- _WORK ITEM_
All of the data should be repeated exactly; pictures are not part of the copy.

(Beginning of SOURCE DATA)

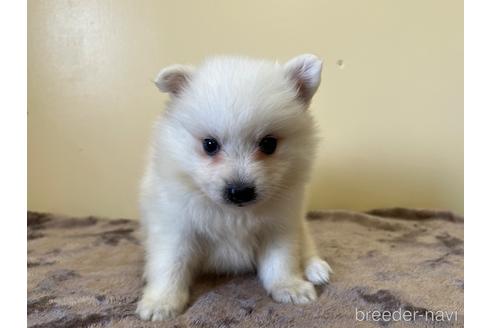 成約済の愛知県の日本スピッツ-190368の1枚目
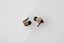 Final Audio Design B1 Sound Isolating in-Ear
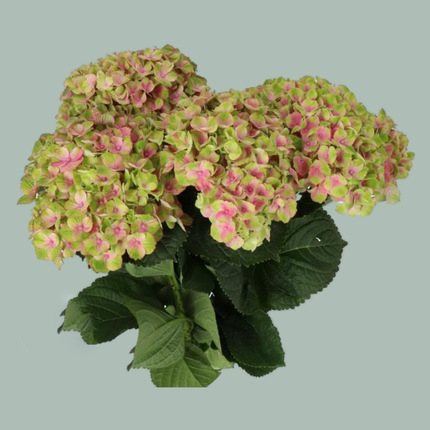 Hydrangea Magical Amethyst Pink (10 Stems)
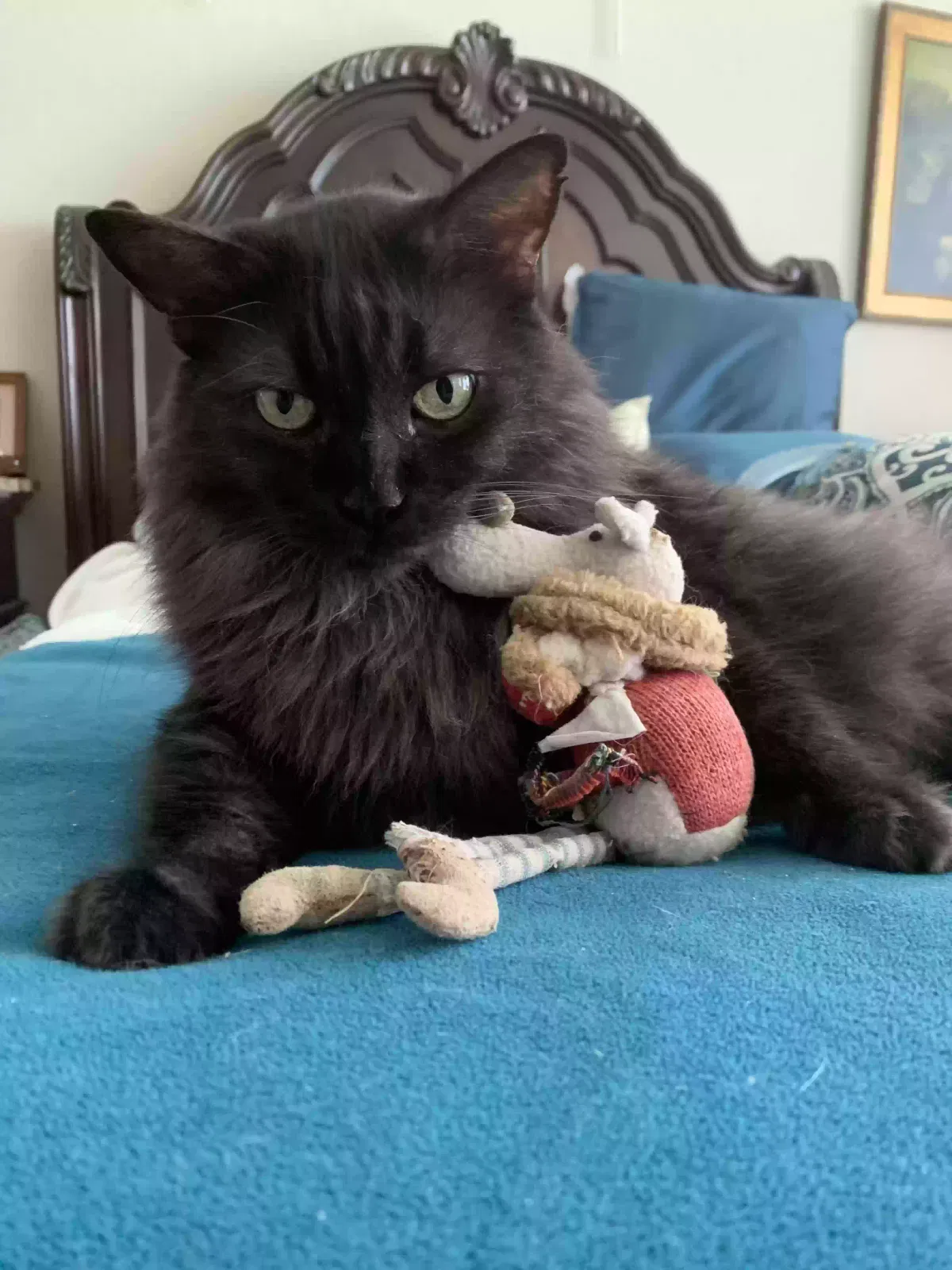 Lost cat in San Antonio, TX, 78253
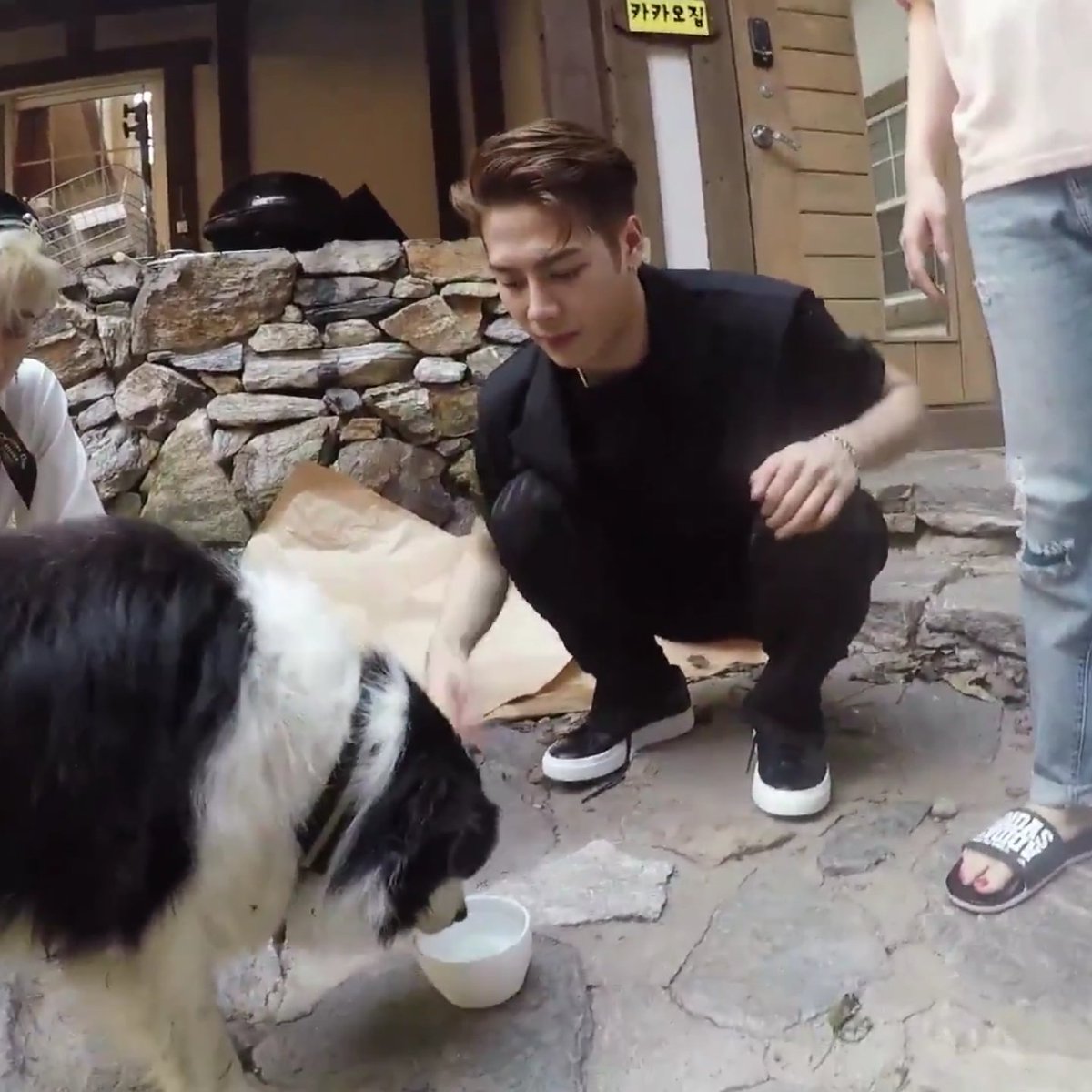jinseuniee's tweet photo. puppies 🐶❤👑 #GOT7 #MAMAVOTE #갓세븐 #2018MAMA https://t.co/qVO5Z9zKHd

(End of SOURCE DATA)

- _RESULT FOR THIS TASK_
 成約済の愛知県の日本スピッツ-190368の1枚目
 Final Audio Design B1 Sound Isolating in-Ear
 Hydrangea Magical Amethyst Pink (10 Stems)
 Lost cat in San Antonio, TX, 78253
jinseuniee's tweet photo. puppies 🐶❤👑 #GOT7 #MAMAVOTE #갓세븐 #2018MAMA https://t.co/qVO5Z9zKHd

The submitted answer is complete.